Cabe recurso especial e o vereador disse que irá apresentar sua defesa em 72 horas. Vicente nega que não tenha prestado contas. “Eu mudei de endereço residencial e só fui saber que a prestação de contas não havia sido recebida em março deste ano. Mas eu apresentei posteriormente à Justiça. O que houve foi um equívoco, mas já corrigido”, disse Vicente. Apesar de ainda poder contar com um último recurso, a tendência é que a decisão seja mantida pelo colegiado do TSE.

Se o candidato tivesse conseguido modificar sua situação na Justiça, a contabilização dos seus votos atingiria diretamente os vereadores do PSD, Vinicius Gratti e Neusa do São João. Isso aconteceria porque, com a entrada de Vicente, o PV atingiria ao todo 25.301 votos e ficaria à frente da coligação PSD-PTC-PRP, com 25.188 votos, tendo direito a mais uma cadeira no Legislativo.

No começo deste ano, o Supremo Tribunal Federal (STF) decidiu que a Lei da Ficha Limpa passaria a valer para a eleição de outubro. Por isso, considerou que os condenados criminalmente e por improbidade administrativa; que tenham contas rejeitadas por órgãos de controle (TCEs e TCU); renunciado ao cargo para evitar a cassação ou sido cassado estão impedidos de se candidatar.
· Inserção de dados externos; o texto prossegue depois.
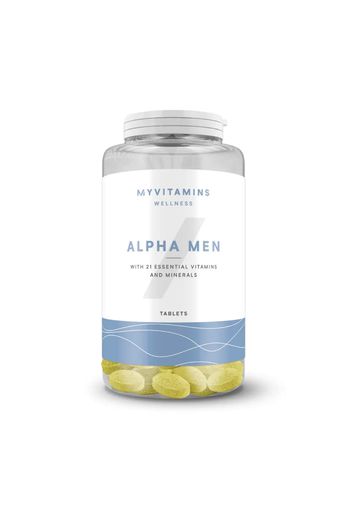 Myvitamins Alpha Men Super Multi Vitamin - 240tabs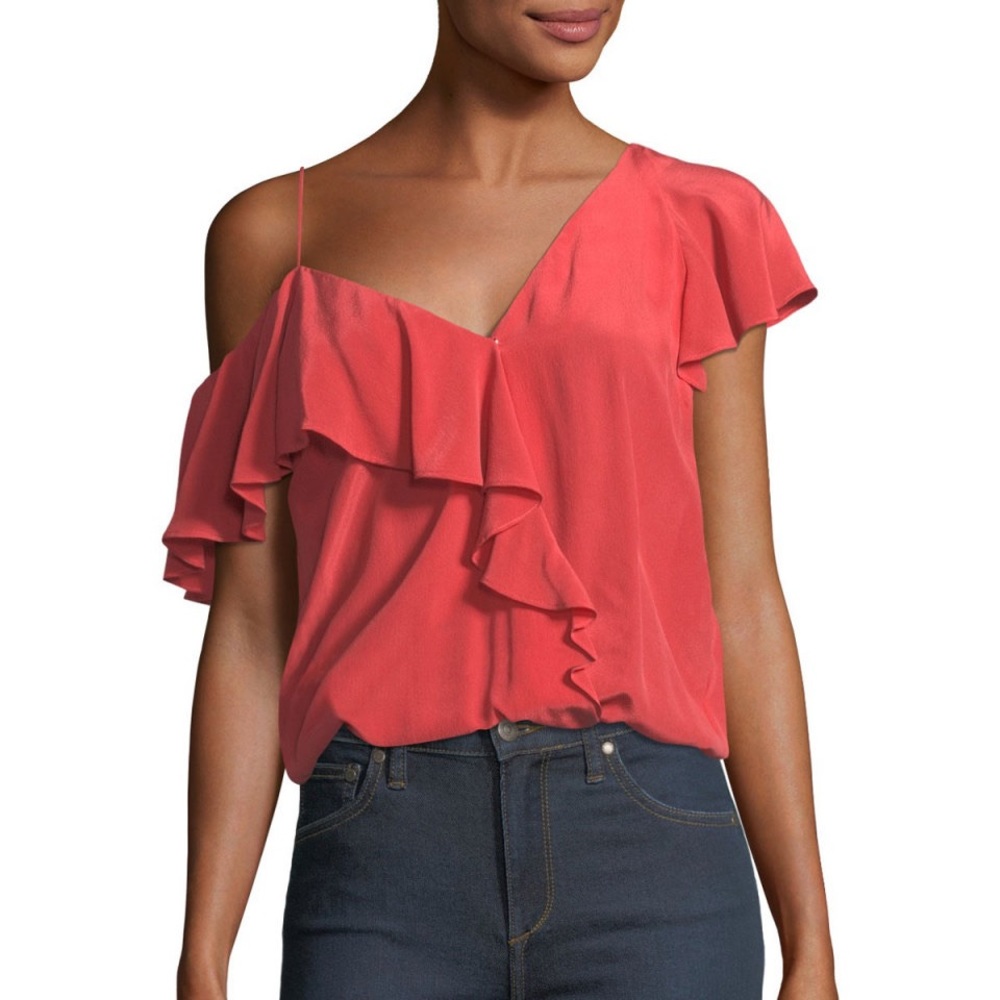 Joie Alcyoneus Silk Top M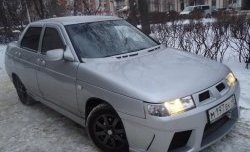 7 699 р. Передний бампер AVR-Аврора  Лада 2110 - 2112 (Неокрашенный)  с доставкой в г. Пермь. Увеличить фотографию 8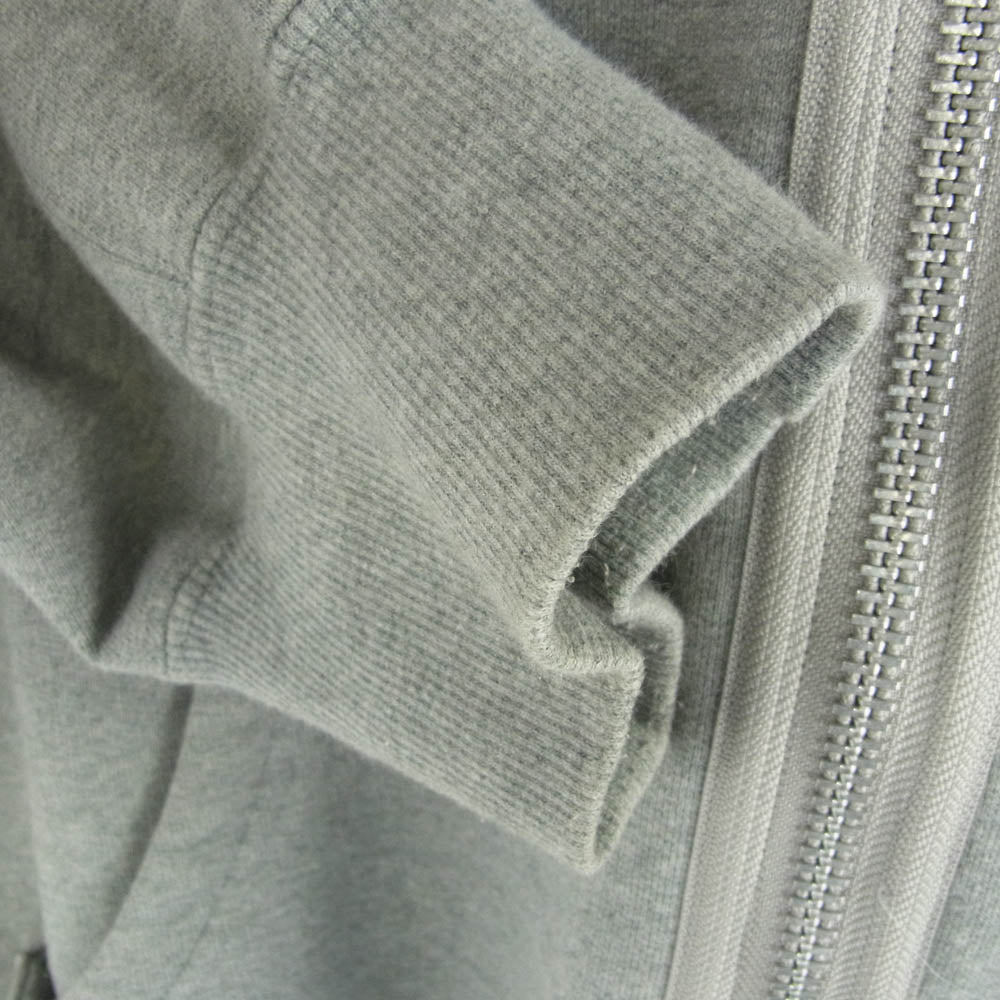 Sacai サカイ 23SS 23-0556S × Carhartt WIP Hoodie カーハート ジップアップ スウェットパーカー グレー系 5【中古】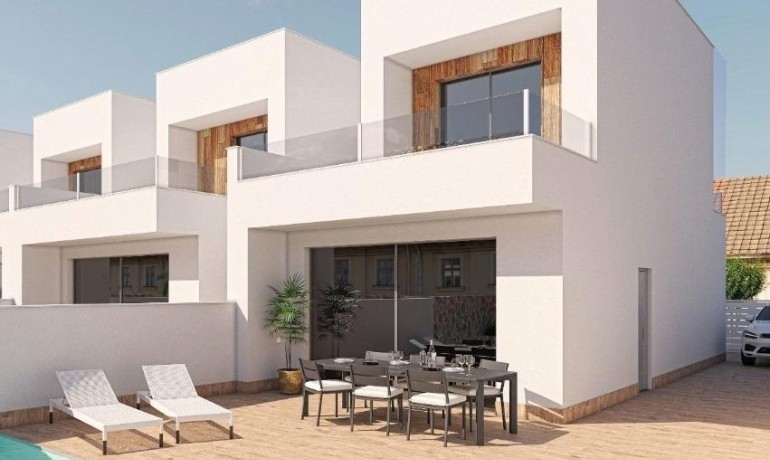 Nieuwbouw - Villa -
San Pedro del Pinatar* - Polideportivo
Porém, até que haja recurso, eles puderam participar do processo eleitoral. Com a permanência dos nomes nas urnas, coube aos candidatos aguardarem julgamento em última instância. O TSE estima que até o final deste ano todos os recursos serão avaliados.

Leonice

Na Câmara, dois parlamentares aguardavam julgamento. Além de Vicente, a vereadora Leonice da Paz (PDT), que também teve seu registro indeferido, participou do pleito sem saber se seus votos seriam validados. No entanto, no último mês, o TSE liberou seu registro. Apesar de ter recebido 3.721 votos, a pedetista não conseguiu garantir seu retorno à Câmara e, atualmente, é a segunda suplente do partido.